---------- DATA FOR THE TASK

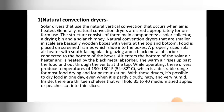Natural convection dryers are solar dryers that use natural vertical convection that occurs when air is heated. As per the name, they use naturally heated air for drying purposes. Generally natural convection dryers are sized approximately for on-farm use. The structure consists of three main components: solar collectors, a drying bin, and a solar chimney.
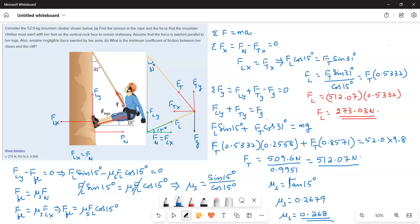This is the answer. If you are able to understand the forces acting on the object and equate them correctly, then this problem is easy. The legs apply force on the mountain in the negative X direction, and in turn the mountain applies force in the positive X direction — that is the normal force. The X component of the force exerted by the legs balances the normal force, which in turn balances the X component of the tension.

--------------------
---------- DATA FOR THE TASK

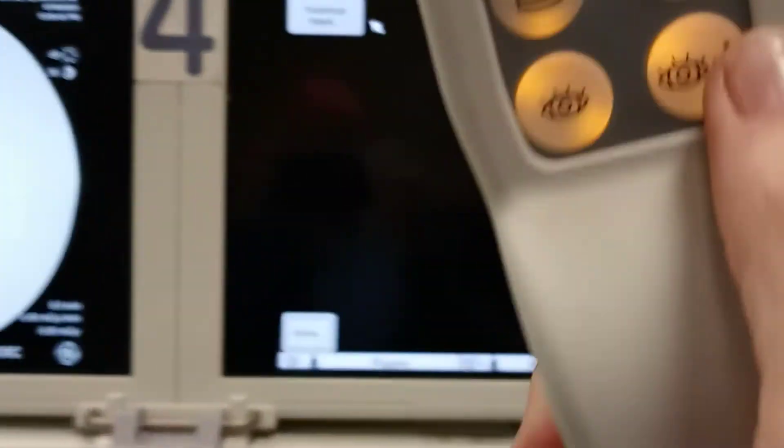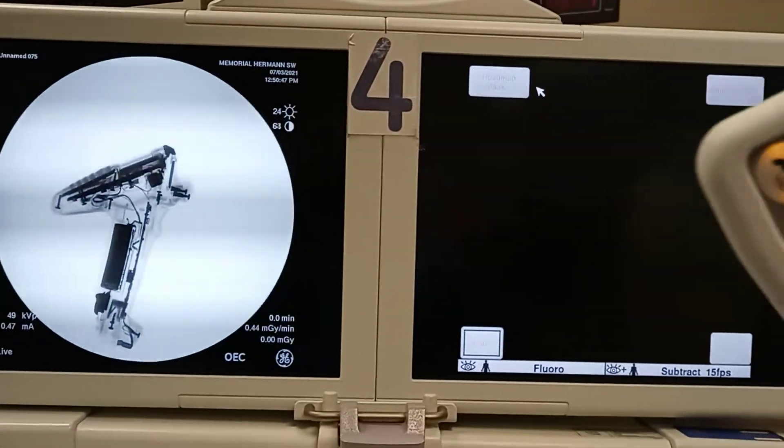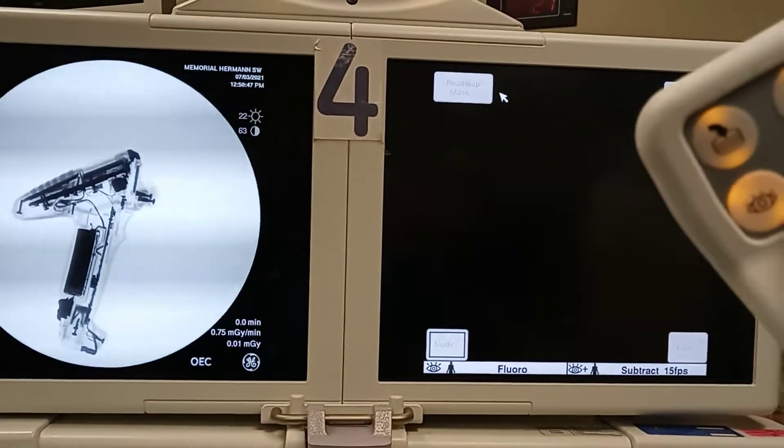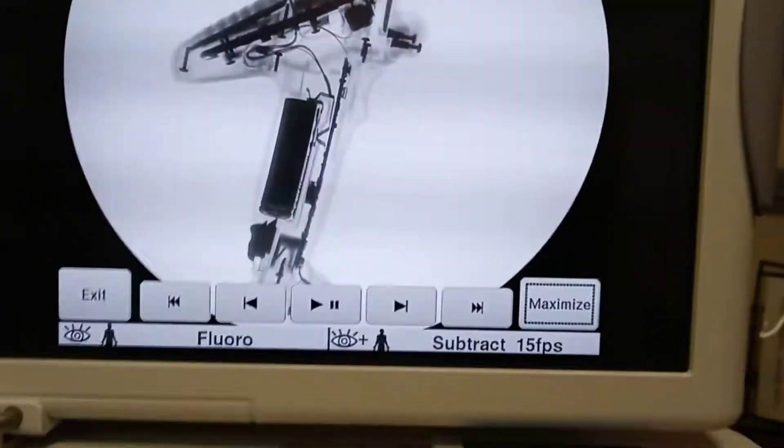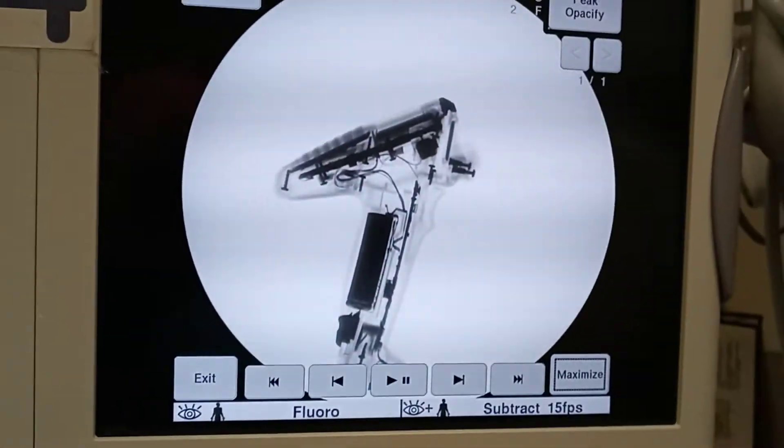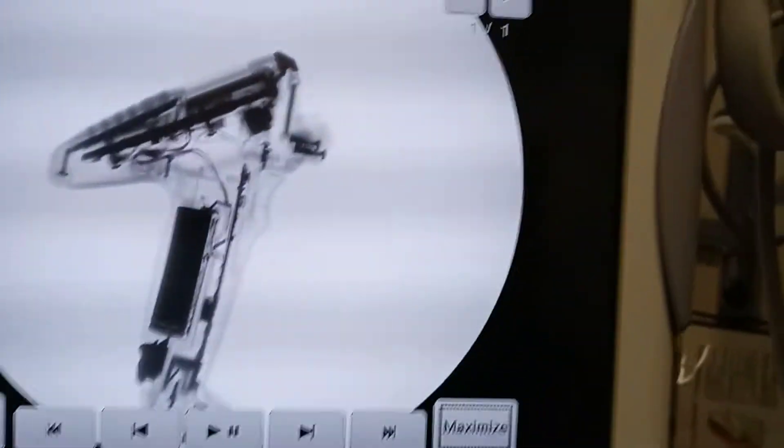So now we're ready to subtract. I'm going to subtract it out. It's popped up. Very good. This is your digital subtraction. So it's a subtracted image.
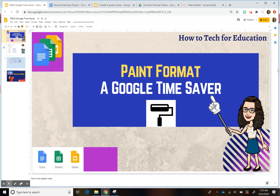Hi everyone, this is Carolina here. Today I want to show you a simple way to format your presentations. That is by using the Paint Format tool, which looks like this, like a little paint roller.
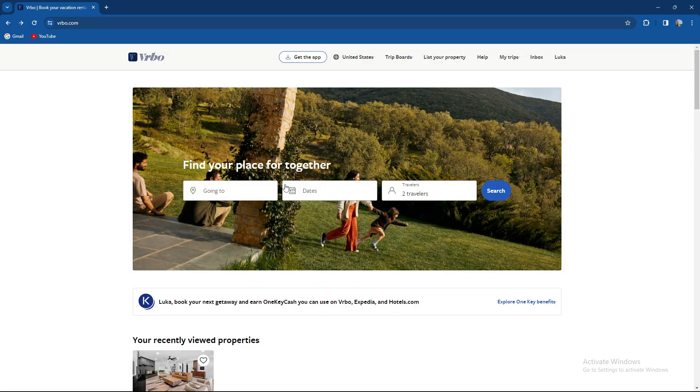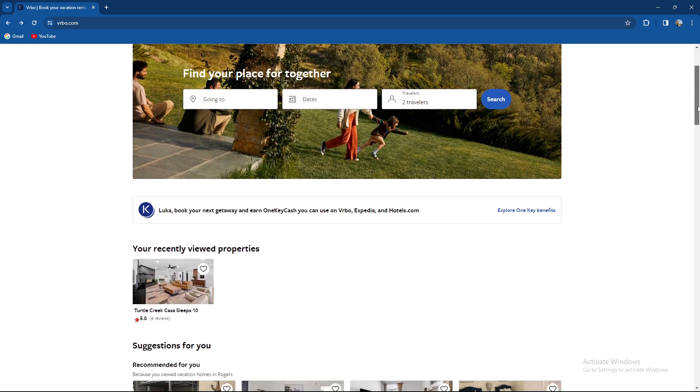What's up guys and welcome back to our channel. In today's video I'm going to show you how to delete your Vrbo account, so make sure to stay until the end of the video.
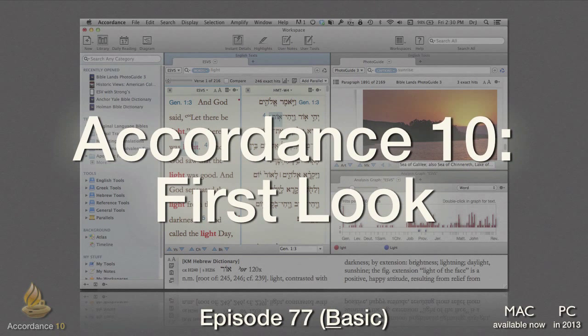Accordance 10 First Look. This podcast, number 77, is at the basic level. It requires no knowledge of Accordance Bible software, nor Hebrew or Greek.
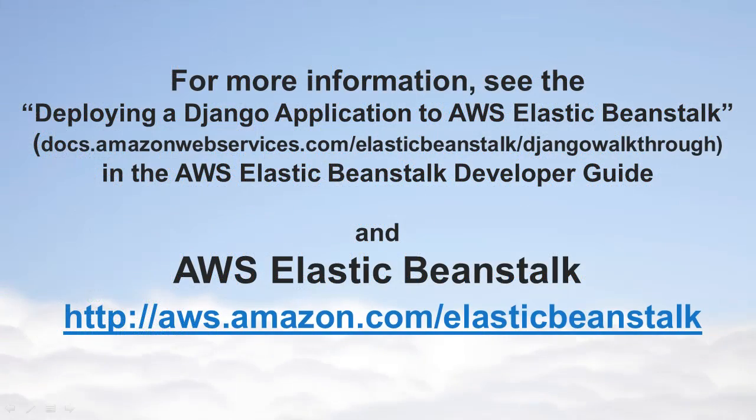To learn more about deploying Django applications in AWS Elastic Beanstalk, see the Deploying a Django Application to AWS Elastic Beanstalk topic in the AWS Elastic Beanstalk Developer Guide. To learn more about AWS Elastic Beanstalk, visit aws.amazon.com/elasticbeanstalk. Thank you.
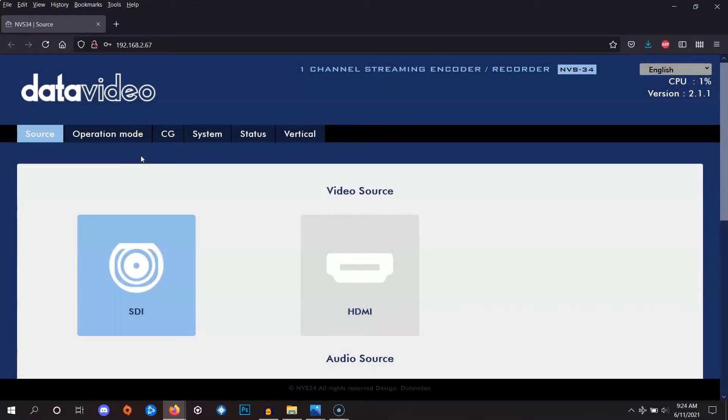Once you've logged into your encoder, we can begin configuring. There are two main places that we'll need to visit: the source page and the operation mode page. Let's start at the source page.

--------------------

- **ABOUT THIS EXERCISE**
Starting at the line that contains "What's up guys" and ending at the line that contains "Accordance 10 First", transcribe the material above exactly, excluding pictures.

- **OUTPUT**
What's up guys and welcome back to our channel. In today's video I'm going to show you how to delete your Vrbo account, so make sure to stay until the end of the video.
Accordance 10 First Look. This podcast, number 77, is at the basic level. It requires no knowledge of Accordance Bible software, nor Hebrew or Greek.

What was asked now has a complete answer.